Which lines run from the line with "2026 Ram 1500 Laramie photo 4" to the end of the entries? Write out exactly those, leaving out the pictures.
···
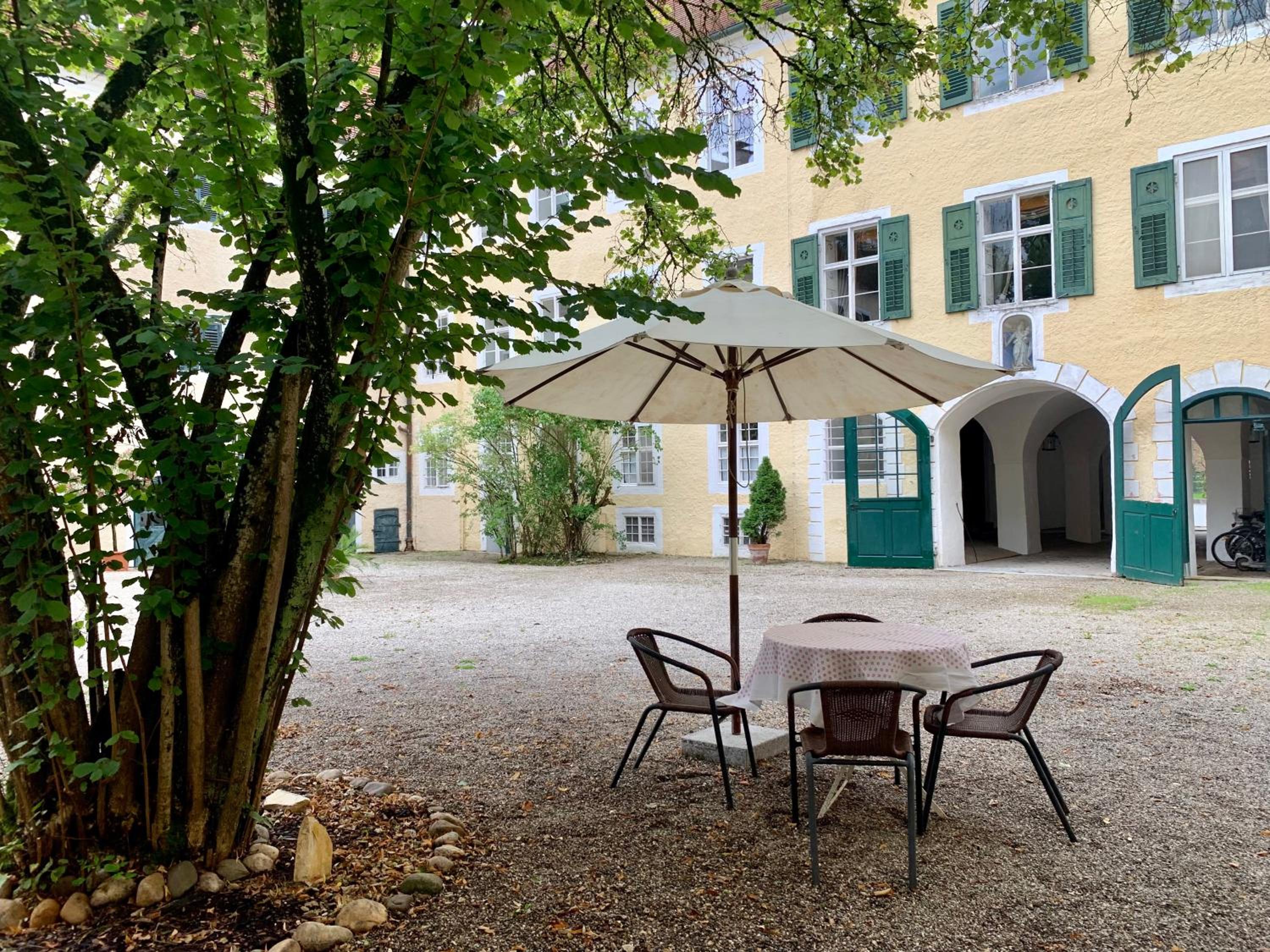 Wohnen im Wasserschloss Sandizell
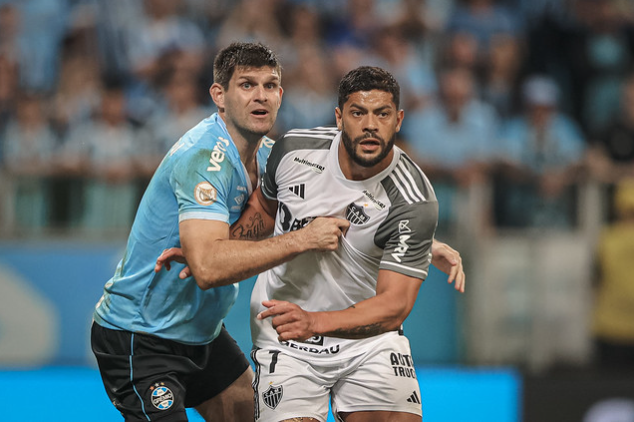 Kannemann e Hulk em Grêmio x Atlético-MG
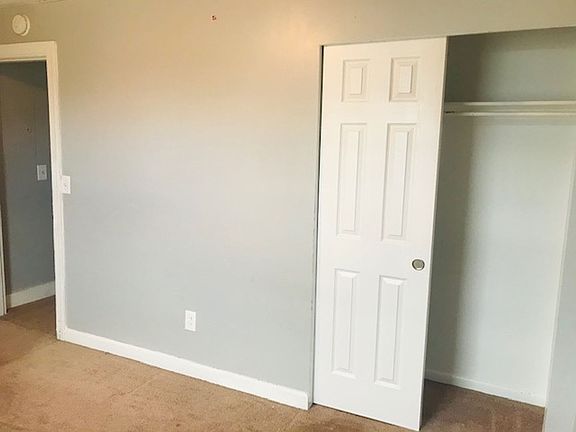5th image of 563 W 24th St #24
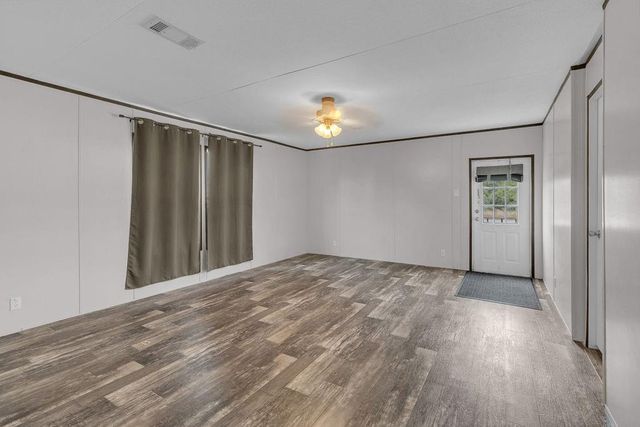 275 County Road 5132, Cleveland, TX 77327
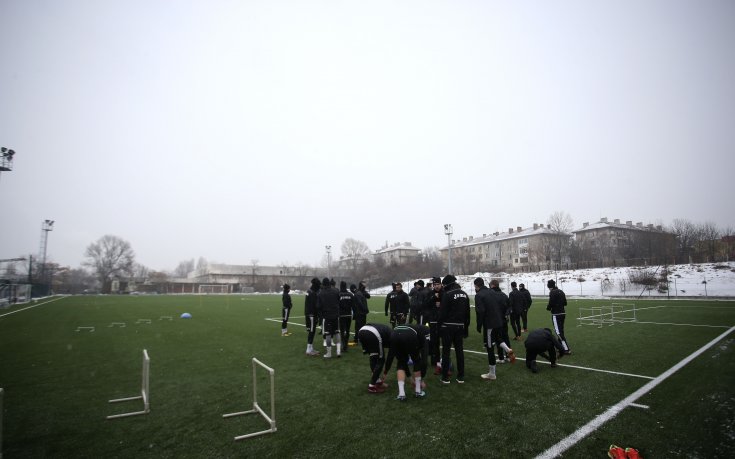 Наводнен терен отмени контрола на Славия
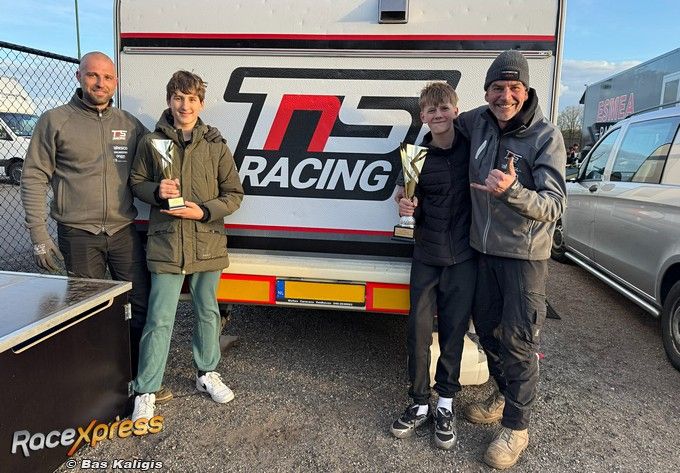 Boezemvrienden Janssen en Van Taarling pakken dubbel podium tijdens NK viertakt in Berghem; winst vo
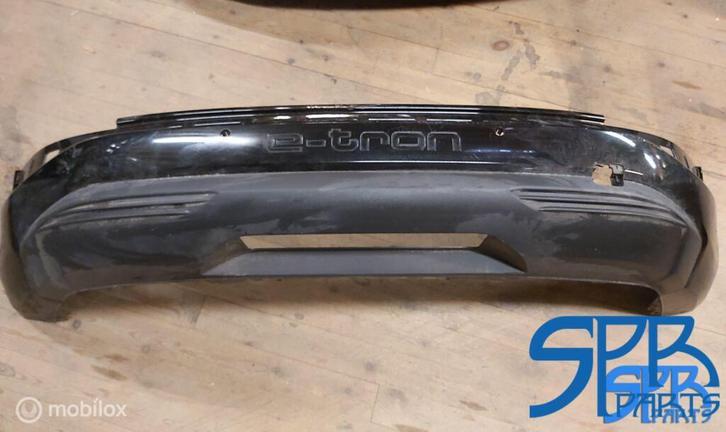 Achterbumper AUDI Q4 E-tron DIFFUSER 89A807527C 89A807527D, Auto-onderdelen, Carrosserie, Bumper, Audi, Achter, Gebruikt, Ophalen of Verzenden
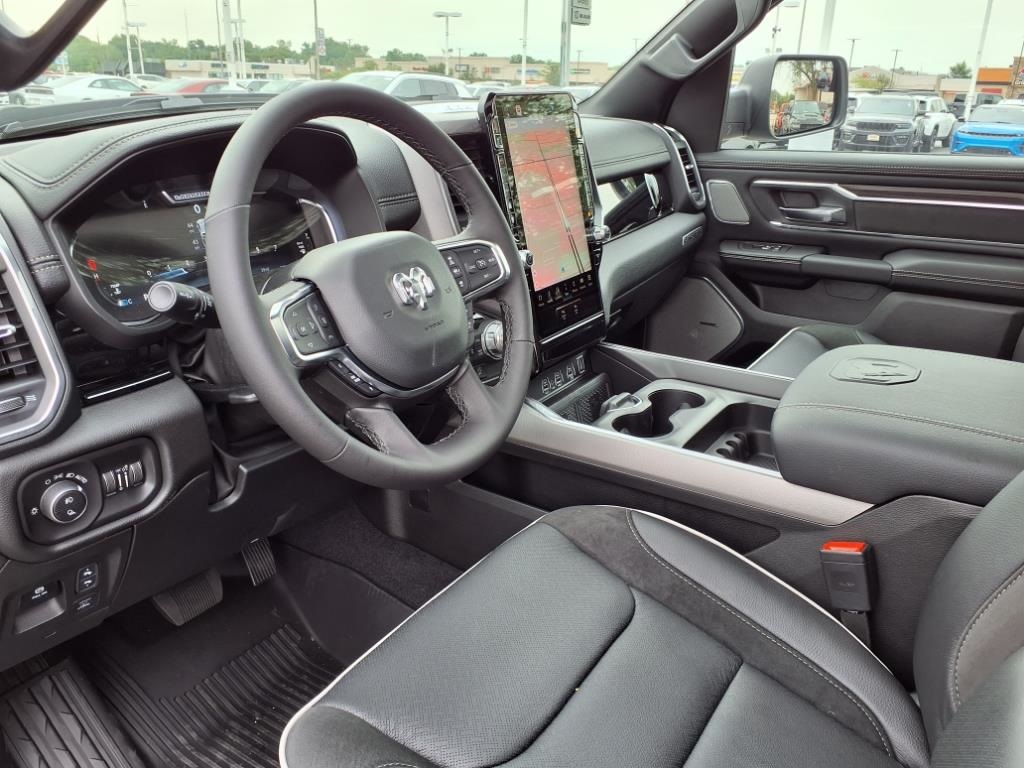 2026 Ram 1500 Laramie photo 4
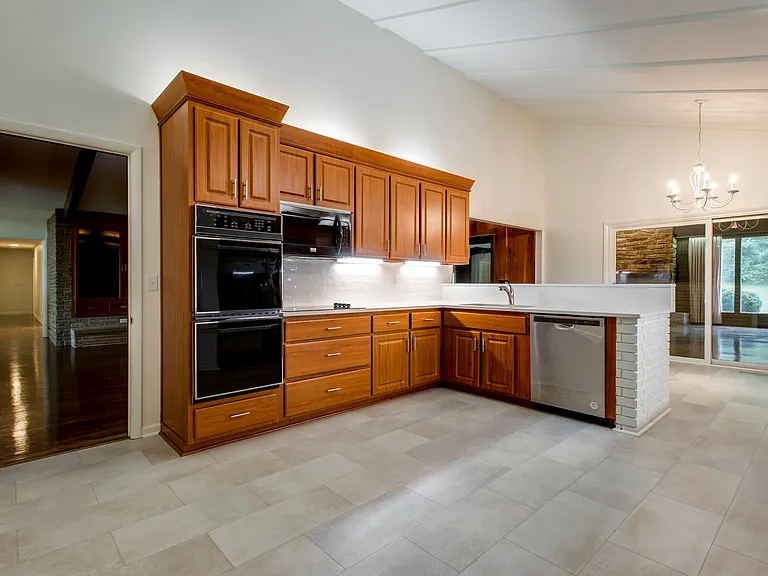 1793 Tyne Blvd — Photo 8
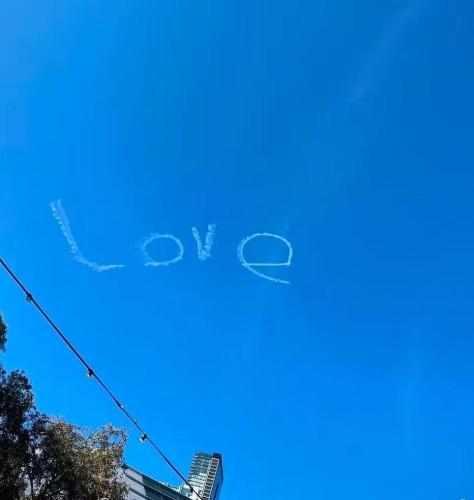 e1714aec-57b1-4e9e-834c-e6ccc9e37f39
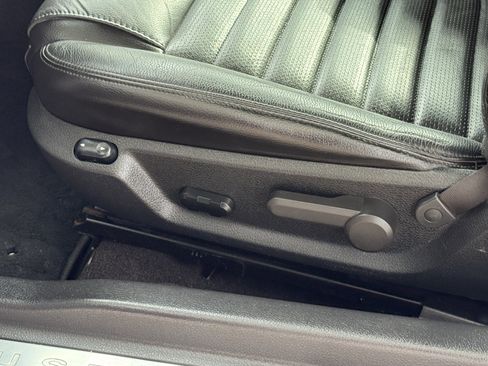 Used 2006 Ford Mustang GT image 12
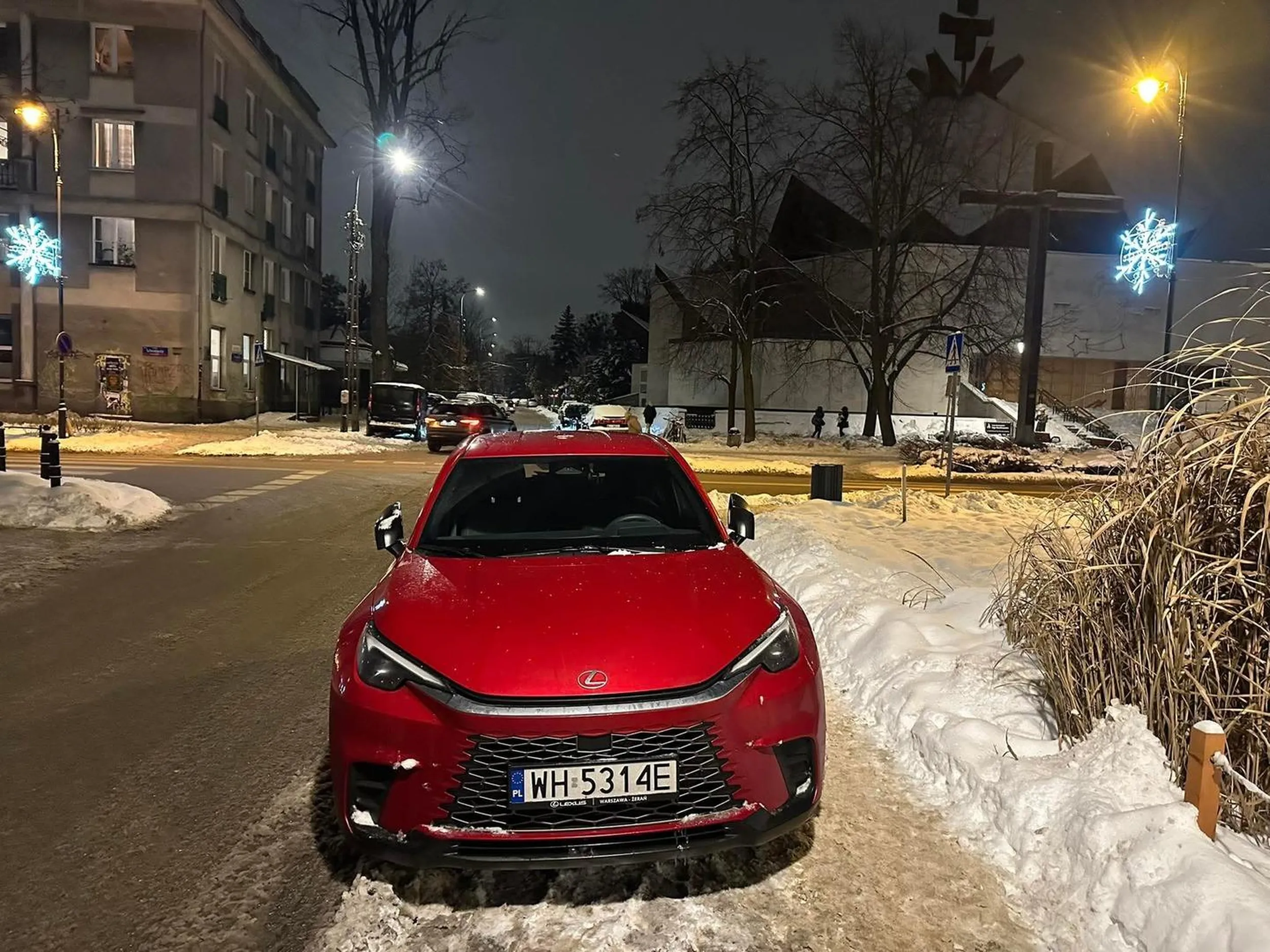 Śmieć parkuje na chodniku. Niech sobie piesi idą przez śniegi.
···
[EXERCISE SOLUTION]:
 2026 Ram 1500 Laramie photo 4
 1793 Tyne Blvd — Photo 8
 e1714aec-57b1-4e9e-834c-e6ccc9e37f39
 Used 2006 Ford Mustang GT image 12
 Śmieć parkuje na chodniku. Niech sobie piesi idą przez śniegi.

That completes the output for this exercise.